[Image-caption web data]
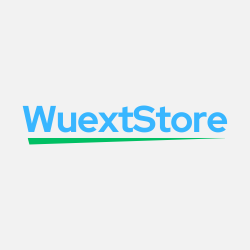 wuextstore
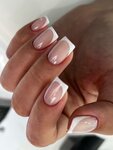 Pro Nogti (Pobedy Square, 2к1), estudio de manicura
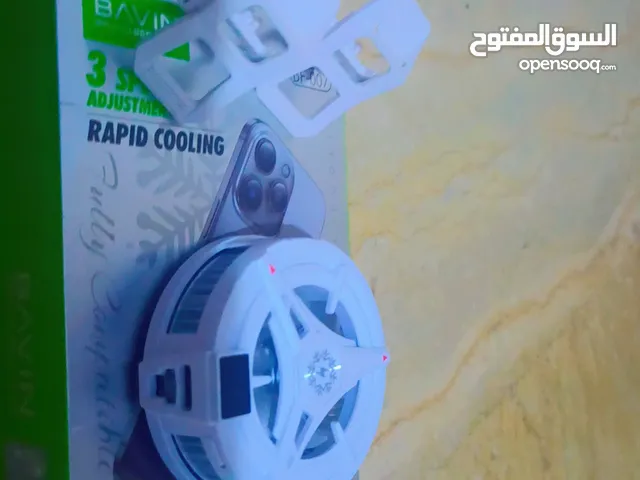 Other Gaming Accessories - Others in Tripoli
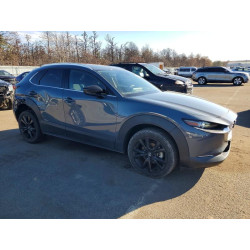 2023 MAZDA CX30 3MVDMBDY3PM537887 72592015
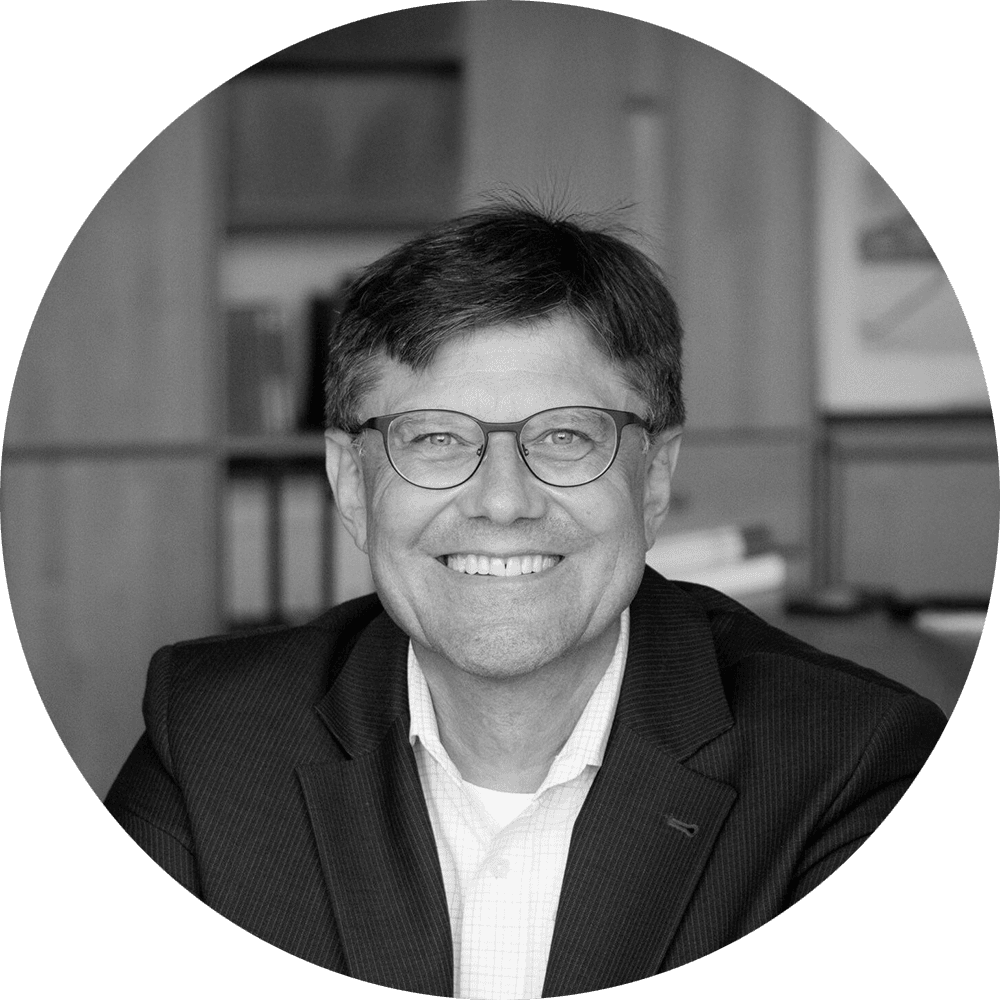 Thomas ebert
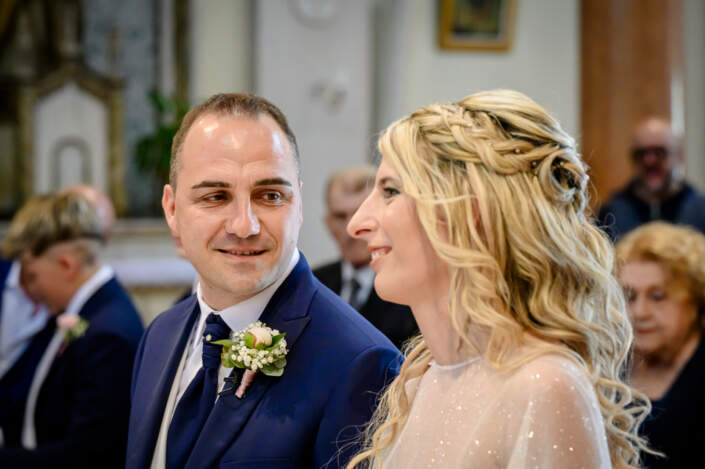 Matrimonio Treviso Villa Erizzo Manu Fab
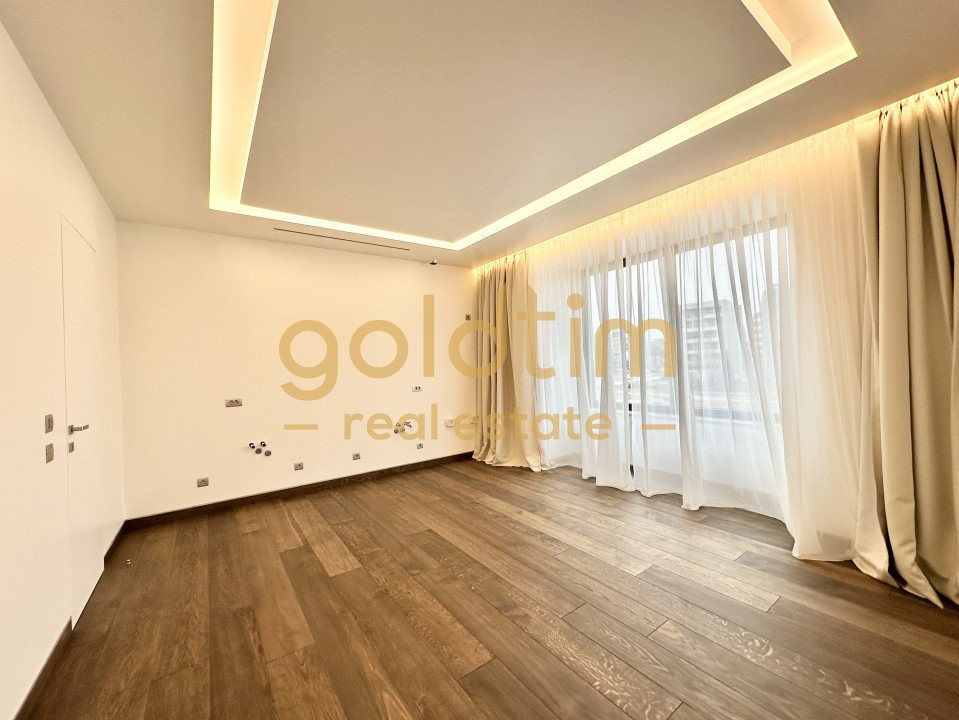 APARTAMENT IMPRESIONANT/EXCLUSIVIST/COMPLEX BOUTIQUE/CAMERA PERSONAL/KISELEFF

WHAT IS EXPECTED:
Nothing but the lines from the one containing "Thomas ebert" through the last line of the data should appear in the answer, copied exactly, with pictures excluded.

WRITTEN REPLY:
 Thomas ebert
 Matrimonio Treviso Villa Erizzo Manu Fab
 APARTAMENT IMPRESIONANT/EXCLUSIVIST/COMPLEX BOUTIQUE/CAMERA PERSONAL/KISELEFF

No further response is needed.